▶ _Brief_
No pictures belong in the copy. Reproduce exactly the lines beginning at the line containing "HJ64 Toyota Sprinter" and continuing to the end of the entries below.

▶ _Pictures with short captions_
>>>
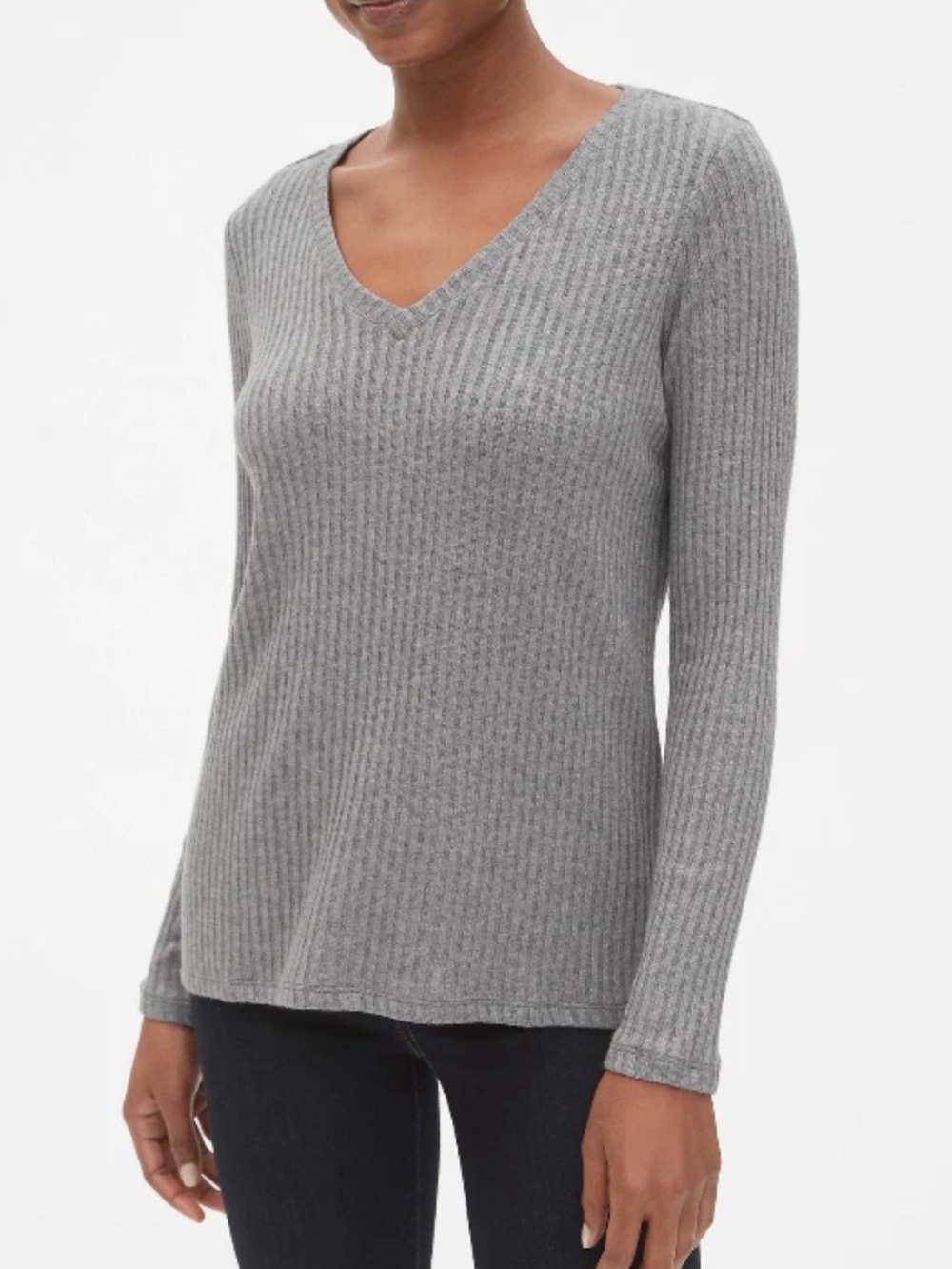 \GAP\ Softspun Ribbed Slim Fit Long Sleeve Top
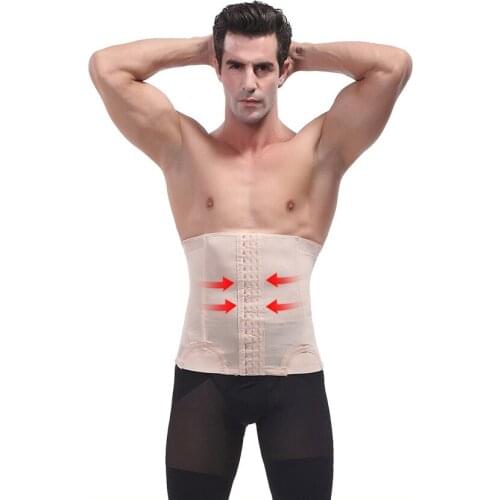XS-3XL 2019 men Shaper Firm Waist Cinchers corset Slim Corset Waist Trainer Belt Modeling Strap Waist Trimmer Girdle Belt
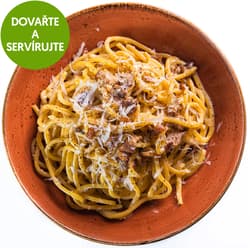Spaghetti alla carbonara z Pasta Fresca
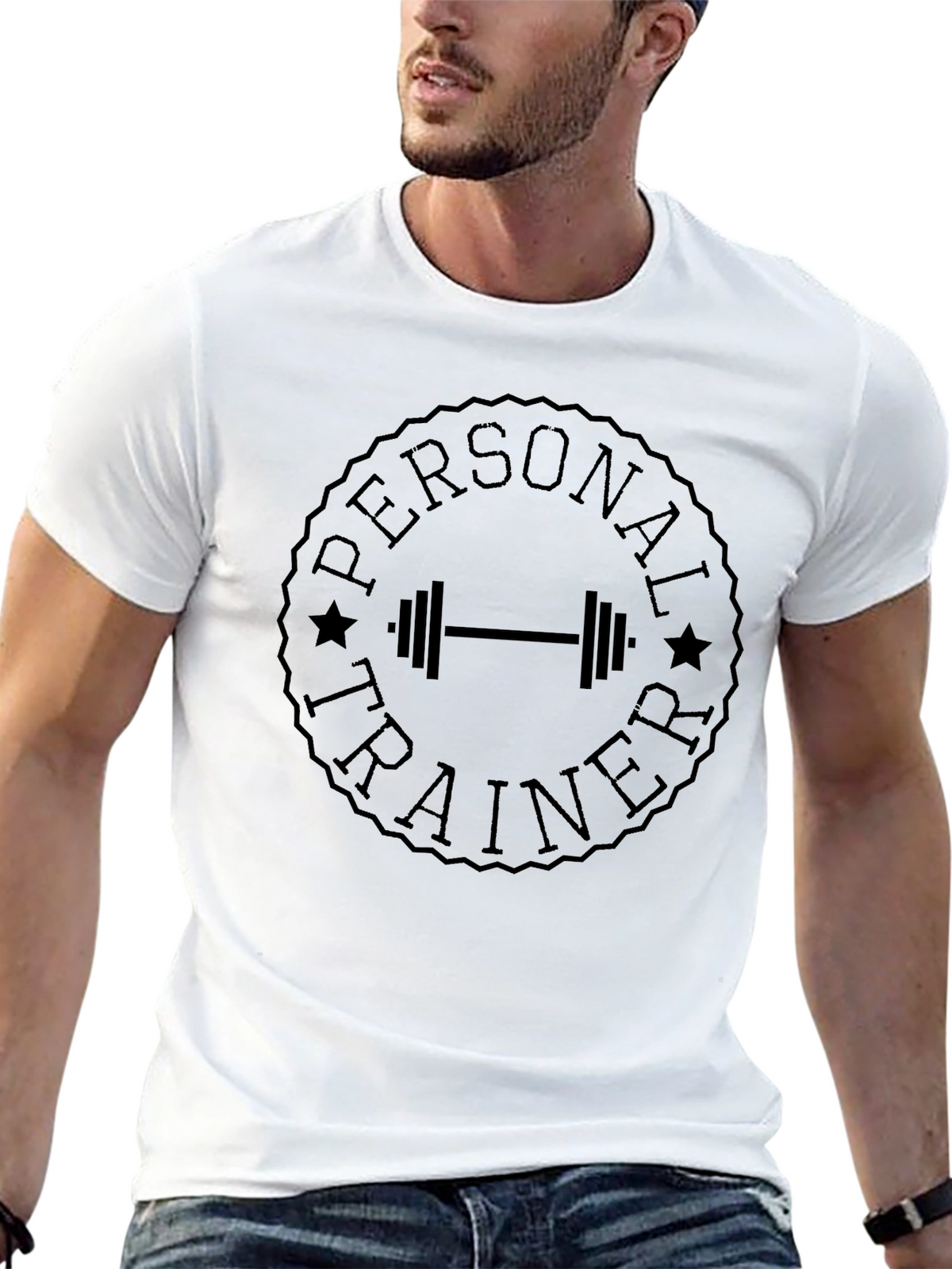 Personal Trainer Black Graphic Tee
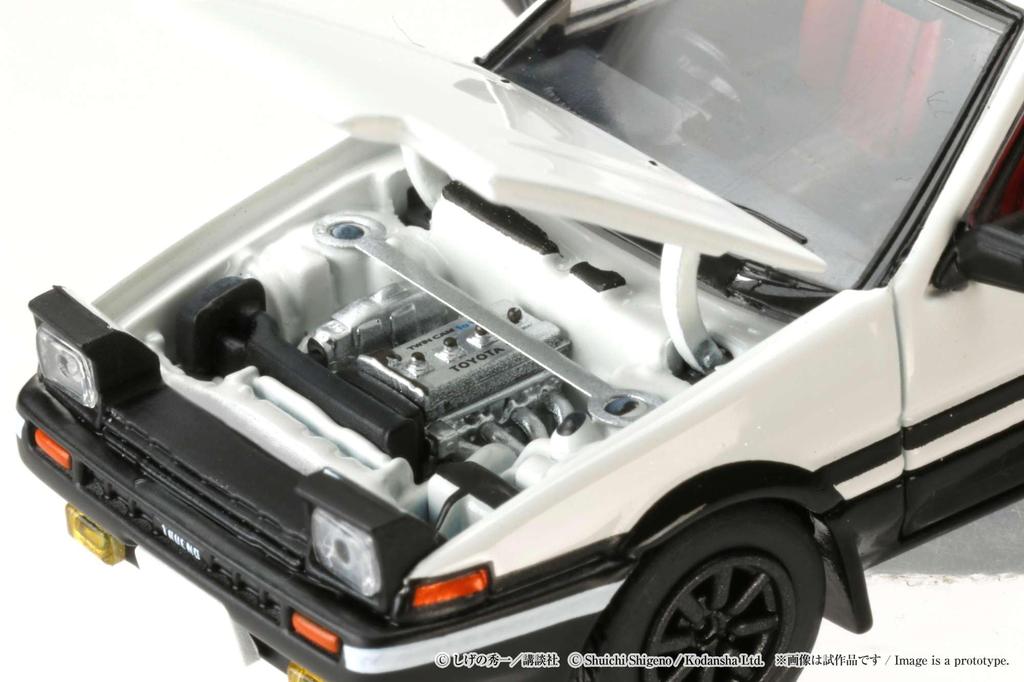 HJ64 Toyota Sprinter Trueno GT APEX Initial D Engine Equipped Model VS Kyoichi Sudo Completed Product 1/64 (AE86) /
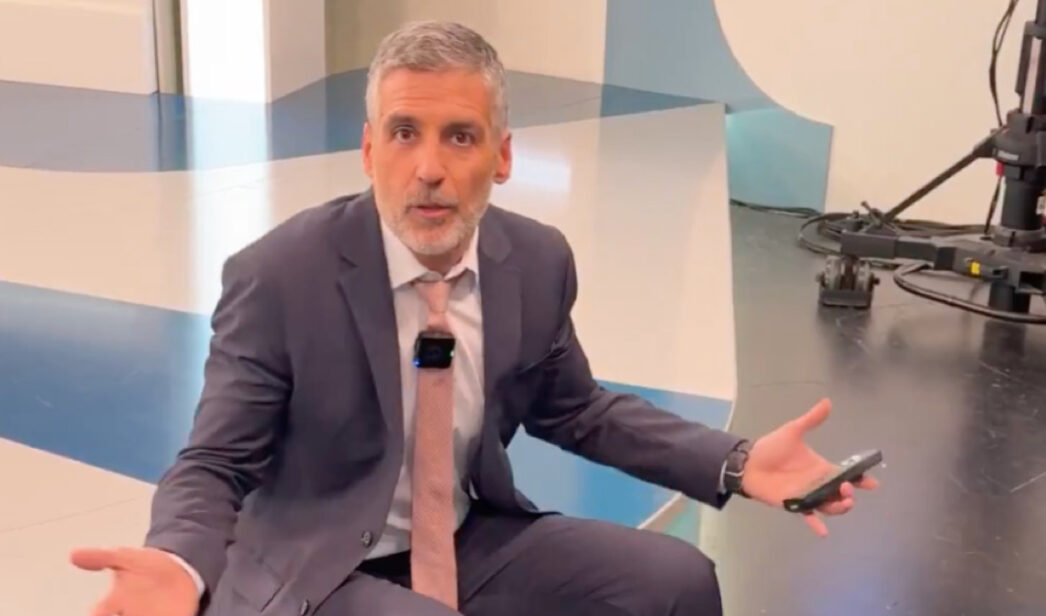 Albert Barniol en un vídeo detrás de cámaras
<<<
▶ _Task solution_
 HJ64 Toyota Sprinter Trueno GT APEX Initial D Engine Equipped Model VS Kyoichi Sudo Completed Product 1/64 (AE86) /
 Albert Barniol en un vídeo detrás de cámaras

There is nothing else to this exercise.